Boost logo

Boost :

Subject: Re: [boost] [Review] Boost.Endian mini-review
From: Peter Dimov (lists_at_[hidden])
Date: 2015-01-23 12:47:02


Joel FALCOU wrote:

> Is the library ready to be added to Boost releases?

Let me preface everything else I'll say by that: I think that the answer to
the above question is "yes", as every question raised during the review
seems to have been addressed.

That said, I want to point out that the library in its current state does
not support one approach to dealing with endianness, which I will outline
below.

Let's take the following hypothetical file format as an example, loosely
lifted from the docs:

[00] code (32 bit big endian)
[04] length (32 bit big endian)
[08] version (16 bit little endian)
[10] shape type (32 bit little endian)
[14] ...

All three approaches that the library supports involve declaring a struct
with the above members and expecting that this struct can be read/written
directly to file, which means that its layout and size must correspond to
the above description.

What I tend to do, however, is rather different.

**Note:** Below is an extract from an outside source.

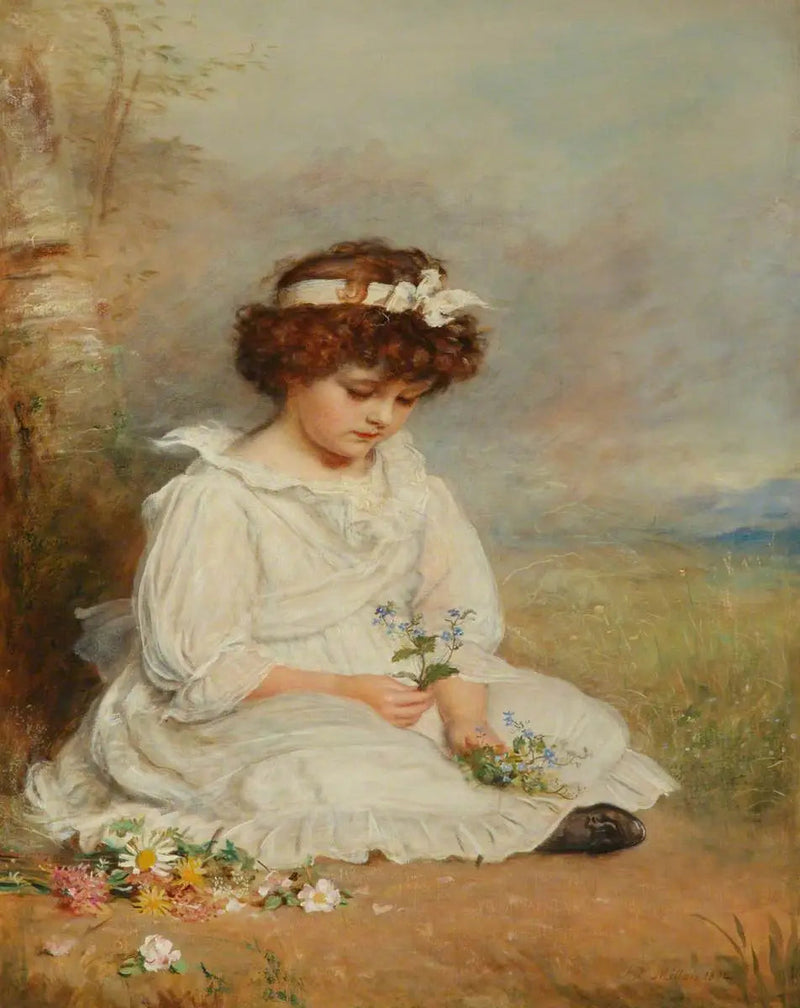 リトル・スピードウェルの愛しい青 - ジョン・エヴァレット・ミレイ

I do declare a
corresponding struct:

struct header
{
    int code;
    unsigned length;
    int version;
    int shape_type;
};

but never read or write it directly, which means that I do not need to make
sure that its layout and size are fixed.

Instead, in the function read(h), I do this (pseudocode):

read( header& h )
{
    unsigned char data[ 14 ];
    fread data from file;

    read_32_lsb( h.code, data + 0 );
    read_32_lsb( h.length, data + 4 );
    read_16_msb( h.version, data + 8 );
    read_32_lsb( h.shape_type, data + 10 );
}

Note that this does not require the machine to have a 32 bit int or a 16 bit
int at all. int can be 48 bits wide and even have trap bits. Which is, I
admit, only of academic interest today, but still.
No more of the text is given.